The Asian bishops are always appreciative of outside help. Most of their national conferences are relatively poor. Malone worked without salary, as a missionary dedicated to the growth of the Church. He never questioned that it was the Asian bishops who were in charge of the FABC. He was there to serve their wishes.
Kroeger says that one of Malone's major achievements has been the organization of the 110 major FABC papers, published since 1976. Malone has gathered them, maintained them and now highlights them on the Internet. (A link to the "FABC papers" is on the Churches in Asia main index page.) It is in those papers that the story of the FABC's "triple dialogue" unfolds.
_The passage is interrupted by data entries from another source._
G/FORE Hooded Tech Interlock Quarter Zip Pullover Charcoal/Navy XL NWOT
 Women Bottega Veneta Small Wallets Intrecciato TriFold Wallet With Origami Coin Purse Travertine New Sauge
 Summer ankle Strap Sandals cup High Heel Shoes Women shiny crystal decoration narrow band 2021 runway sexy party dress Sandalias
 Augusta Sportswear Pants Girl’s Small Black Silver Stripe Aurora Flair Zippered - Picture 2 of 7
Another major Malone accomplishment, according to Kroeger, was the initiation of what are called bishops' institutes, training programs aimed at improving various pastoral and administrative skills. There have been nearly two dozen such training programs over the years.
Malone's absence at this meeting touched off speculation about his eventual replacement. The executive committee, made up of the presidents of all the national conferences and the general secretary, Archbishop Oswald Thomas Gomis of Columbo, Sri Lanka, took up the matter in executive session.
There seem to be two schools of thought regarding a replacement, one that says a non-Asian brings an outside perspective and impartiality, the second that the organization has long been mature enough to have an Asian in the post.
It is unlikely, however, that a replacement will be made before Malone has been consulted and his own well-being is assured.
[Fox is publisher
of the National Catholic Reporter and author of Pentecost in Asia, a book
about the Asian churches. His e-mail address is
tfox@ncronline.org.]
Reflecting on 20 years |
"They make you feel so much at home," said the retired bishop of Oakland, John Cummins, searching for a way to describe the Asian bishops and the mood of a plenary assembly. There's a joyful feel about this place. It's the welcoming… There's some quality about them that is remarkably attractive."
This will be Cummins last plenary gathering as U.S. representative and he made the effort to put some thoughts and feelings into words.
"Anyone who comes from the outside is immediately welcomed and becomes very much part of their community. They do that to each other, and they do that to those of us who come from the outside. It's very hard to take it apart, but there is something about the experience of sitting among them. They have enormous respect for each other. It's very impressive."
"You've got the big and the small here. They don't provide an obstacle to the community. You've got India and then you've got Cambodia floating through here, and Laos. Strong Catholic populations don't impress those with less than one percent of the (total Catholic) population."
"However they put that together, there is something very church about it. They have a reverence for Rome. At the same time it's very much in their minds that they are Asian, and, therefore, they don't want to be dictated to. I think they keep a remarkable balance.
Cummins said he was not particularly pleased when he heard this year's meeting would be on the family. He liked broader themes. But after a week here, he says he's been converted. "I've changed my mind after watching the depths of the discussions here," he said, adding "this should be a model for the Church. What they've done has been quite remarkable."